Material provided —
┄┄┄┄┄┄┄┄┄┄

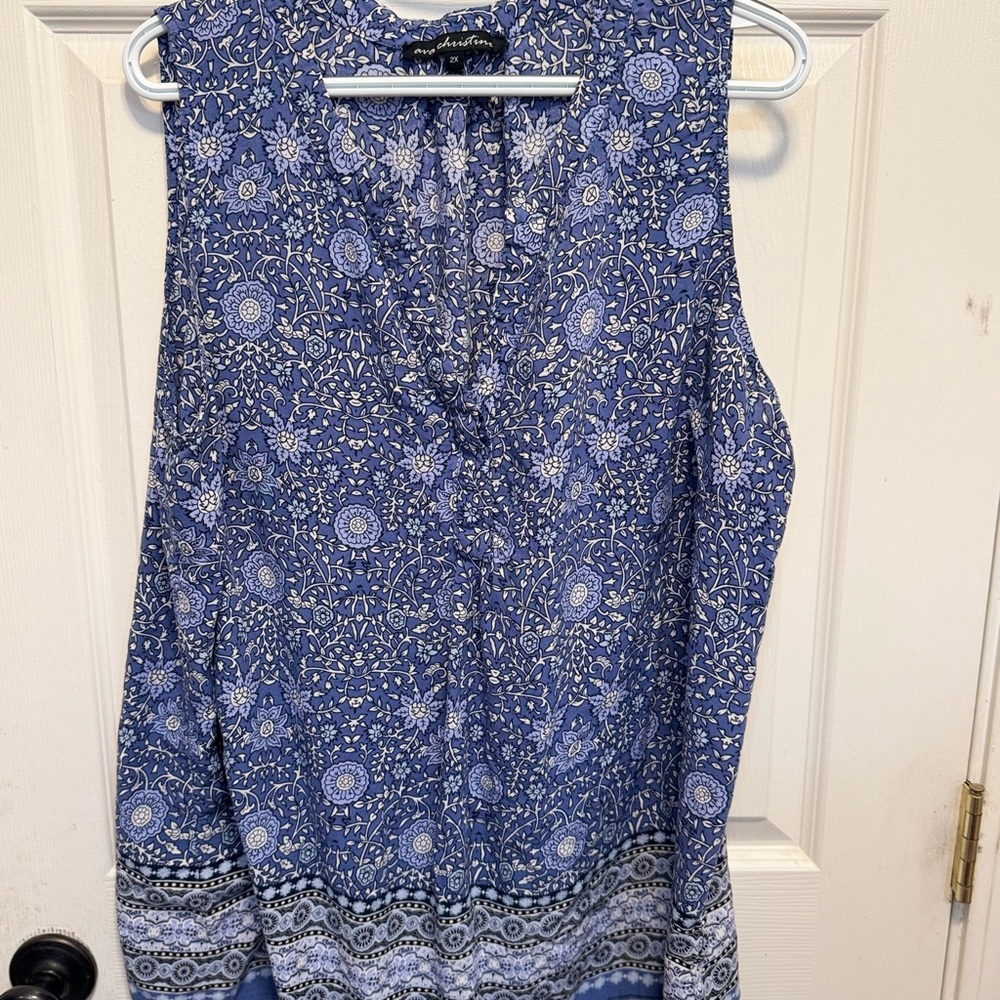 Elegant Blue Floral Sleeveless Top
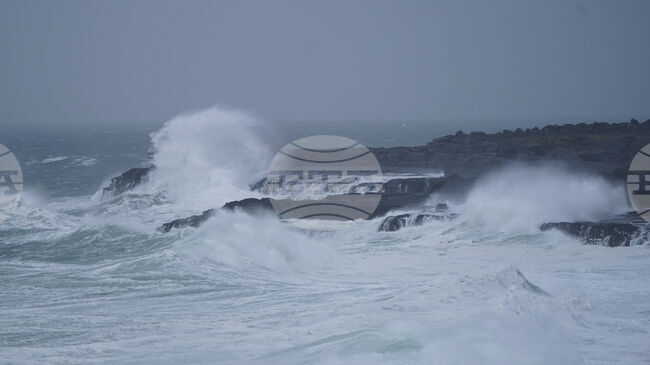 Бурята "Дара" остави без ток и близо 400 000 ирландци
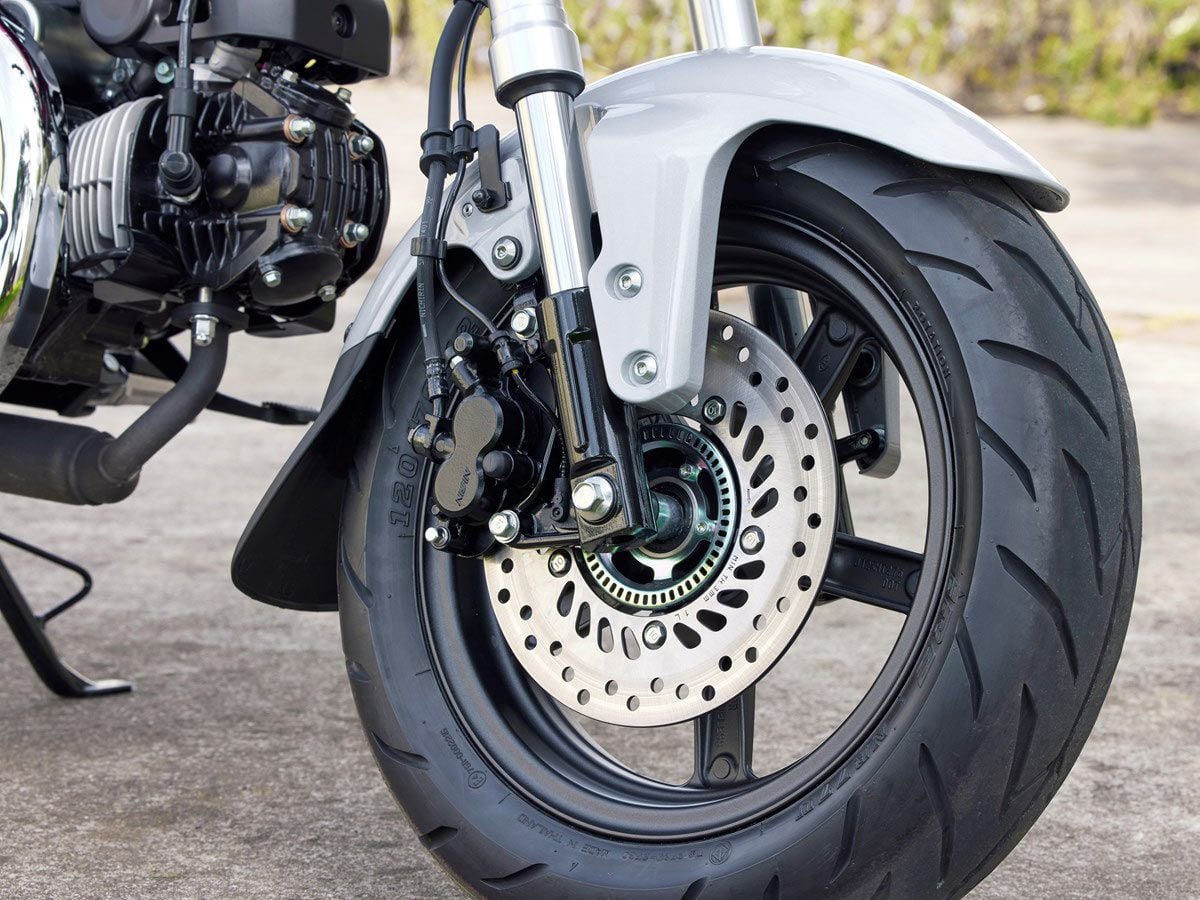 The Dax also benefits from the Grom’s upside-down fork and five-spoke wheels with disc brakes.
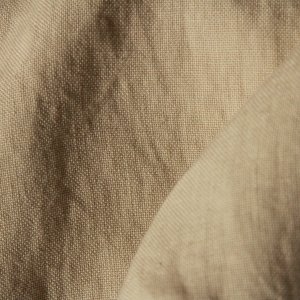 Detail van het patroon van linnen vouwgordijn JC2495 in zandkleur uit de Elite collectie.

┄┄┄┄┄┄┄┄┄┄

Problem statement —
Would you return all of the data above word for word, omitting every picture?

Answer to this exercise —
 Elegant Blue Floral Sleeveless Top
 Бурята "Дара" остави без ток и близо 400 000 ирландци
 The Dax also benefits from the Grom’s upside-down fork and five-spoke wheels with disc brakes.
 Detail van het patroon van linnen vouwgordijn JC2495 in zandkleur uit de Elite collectie.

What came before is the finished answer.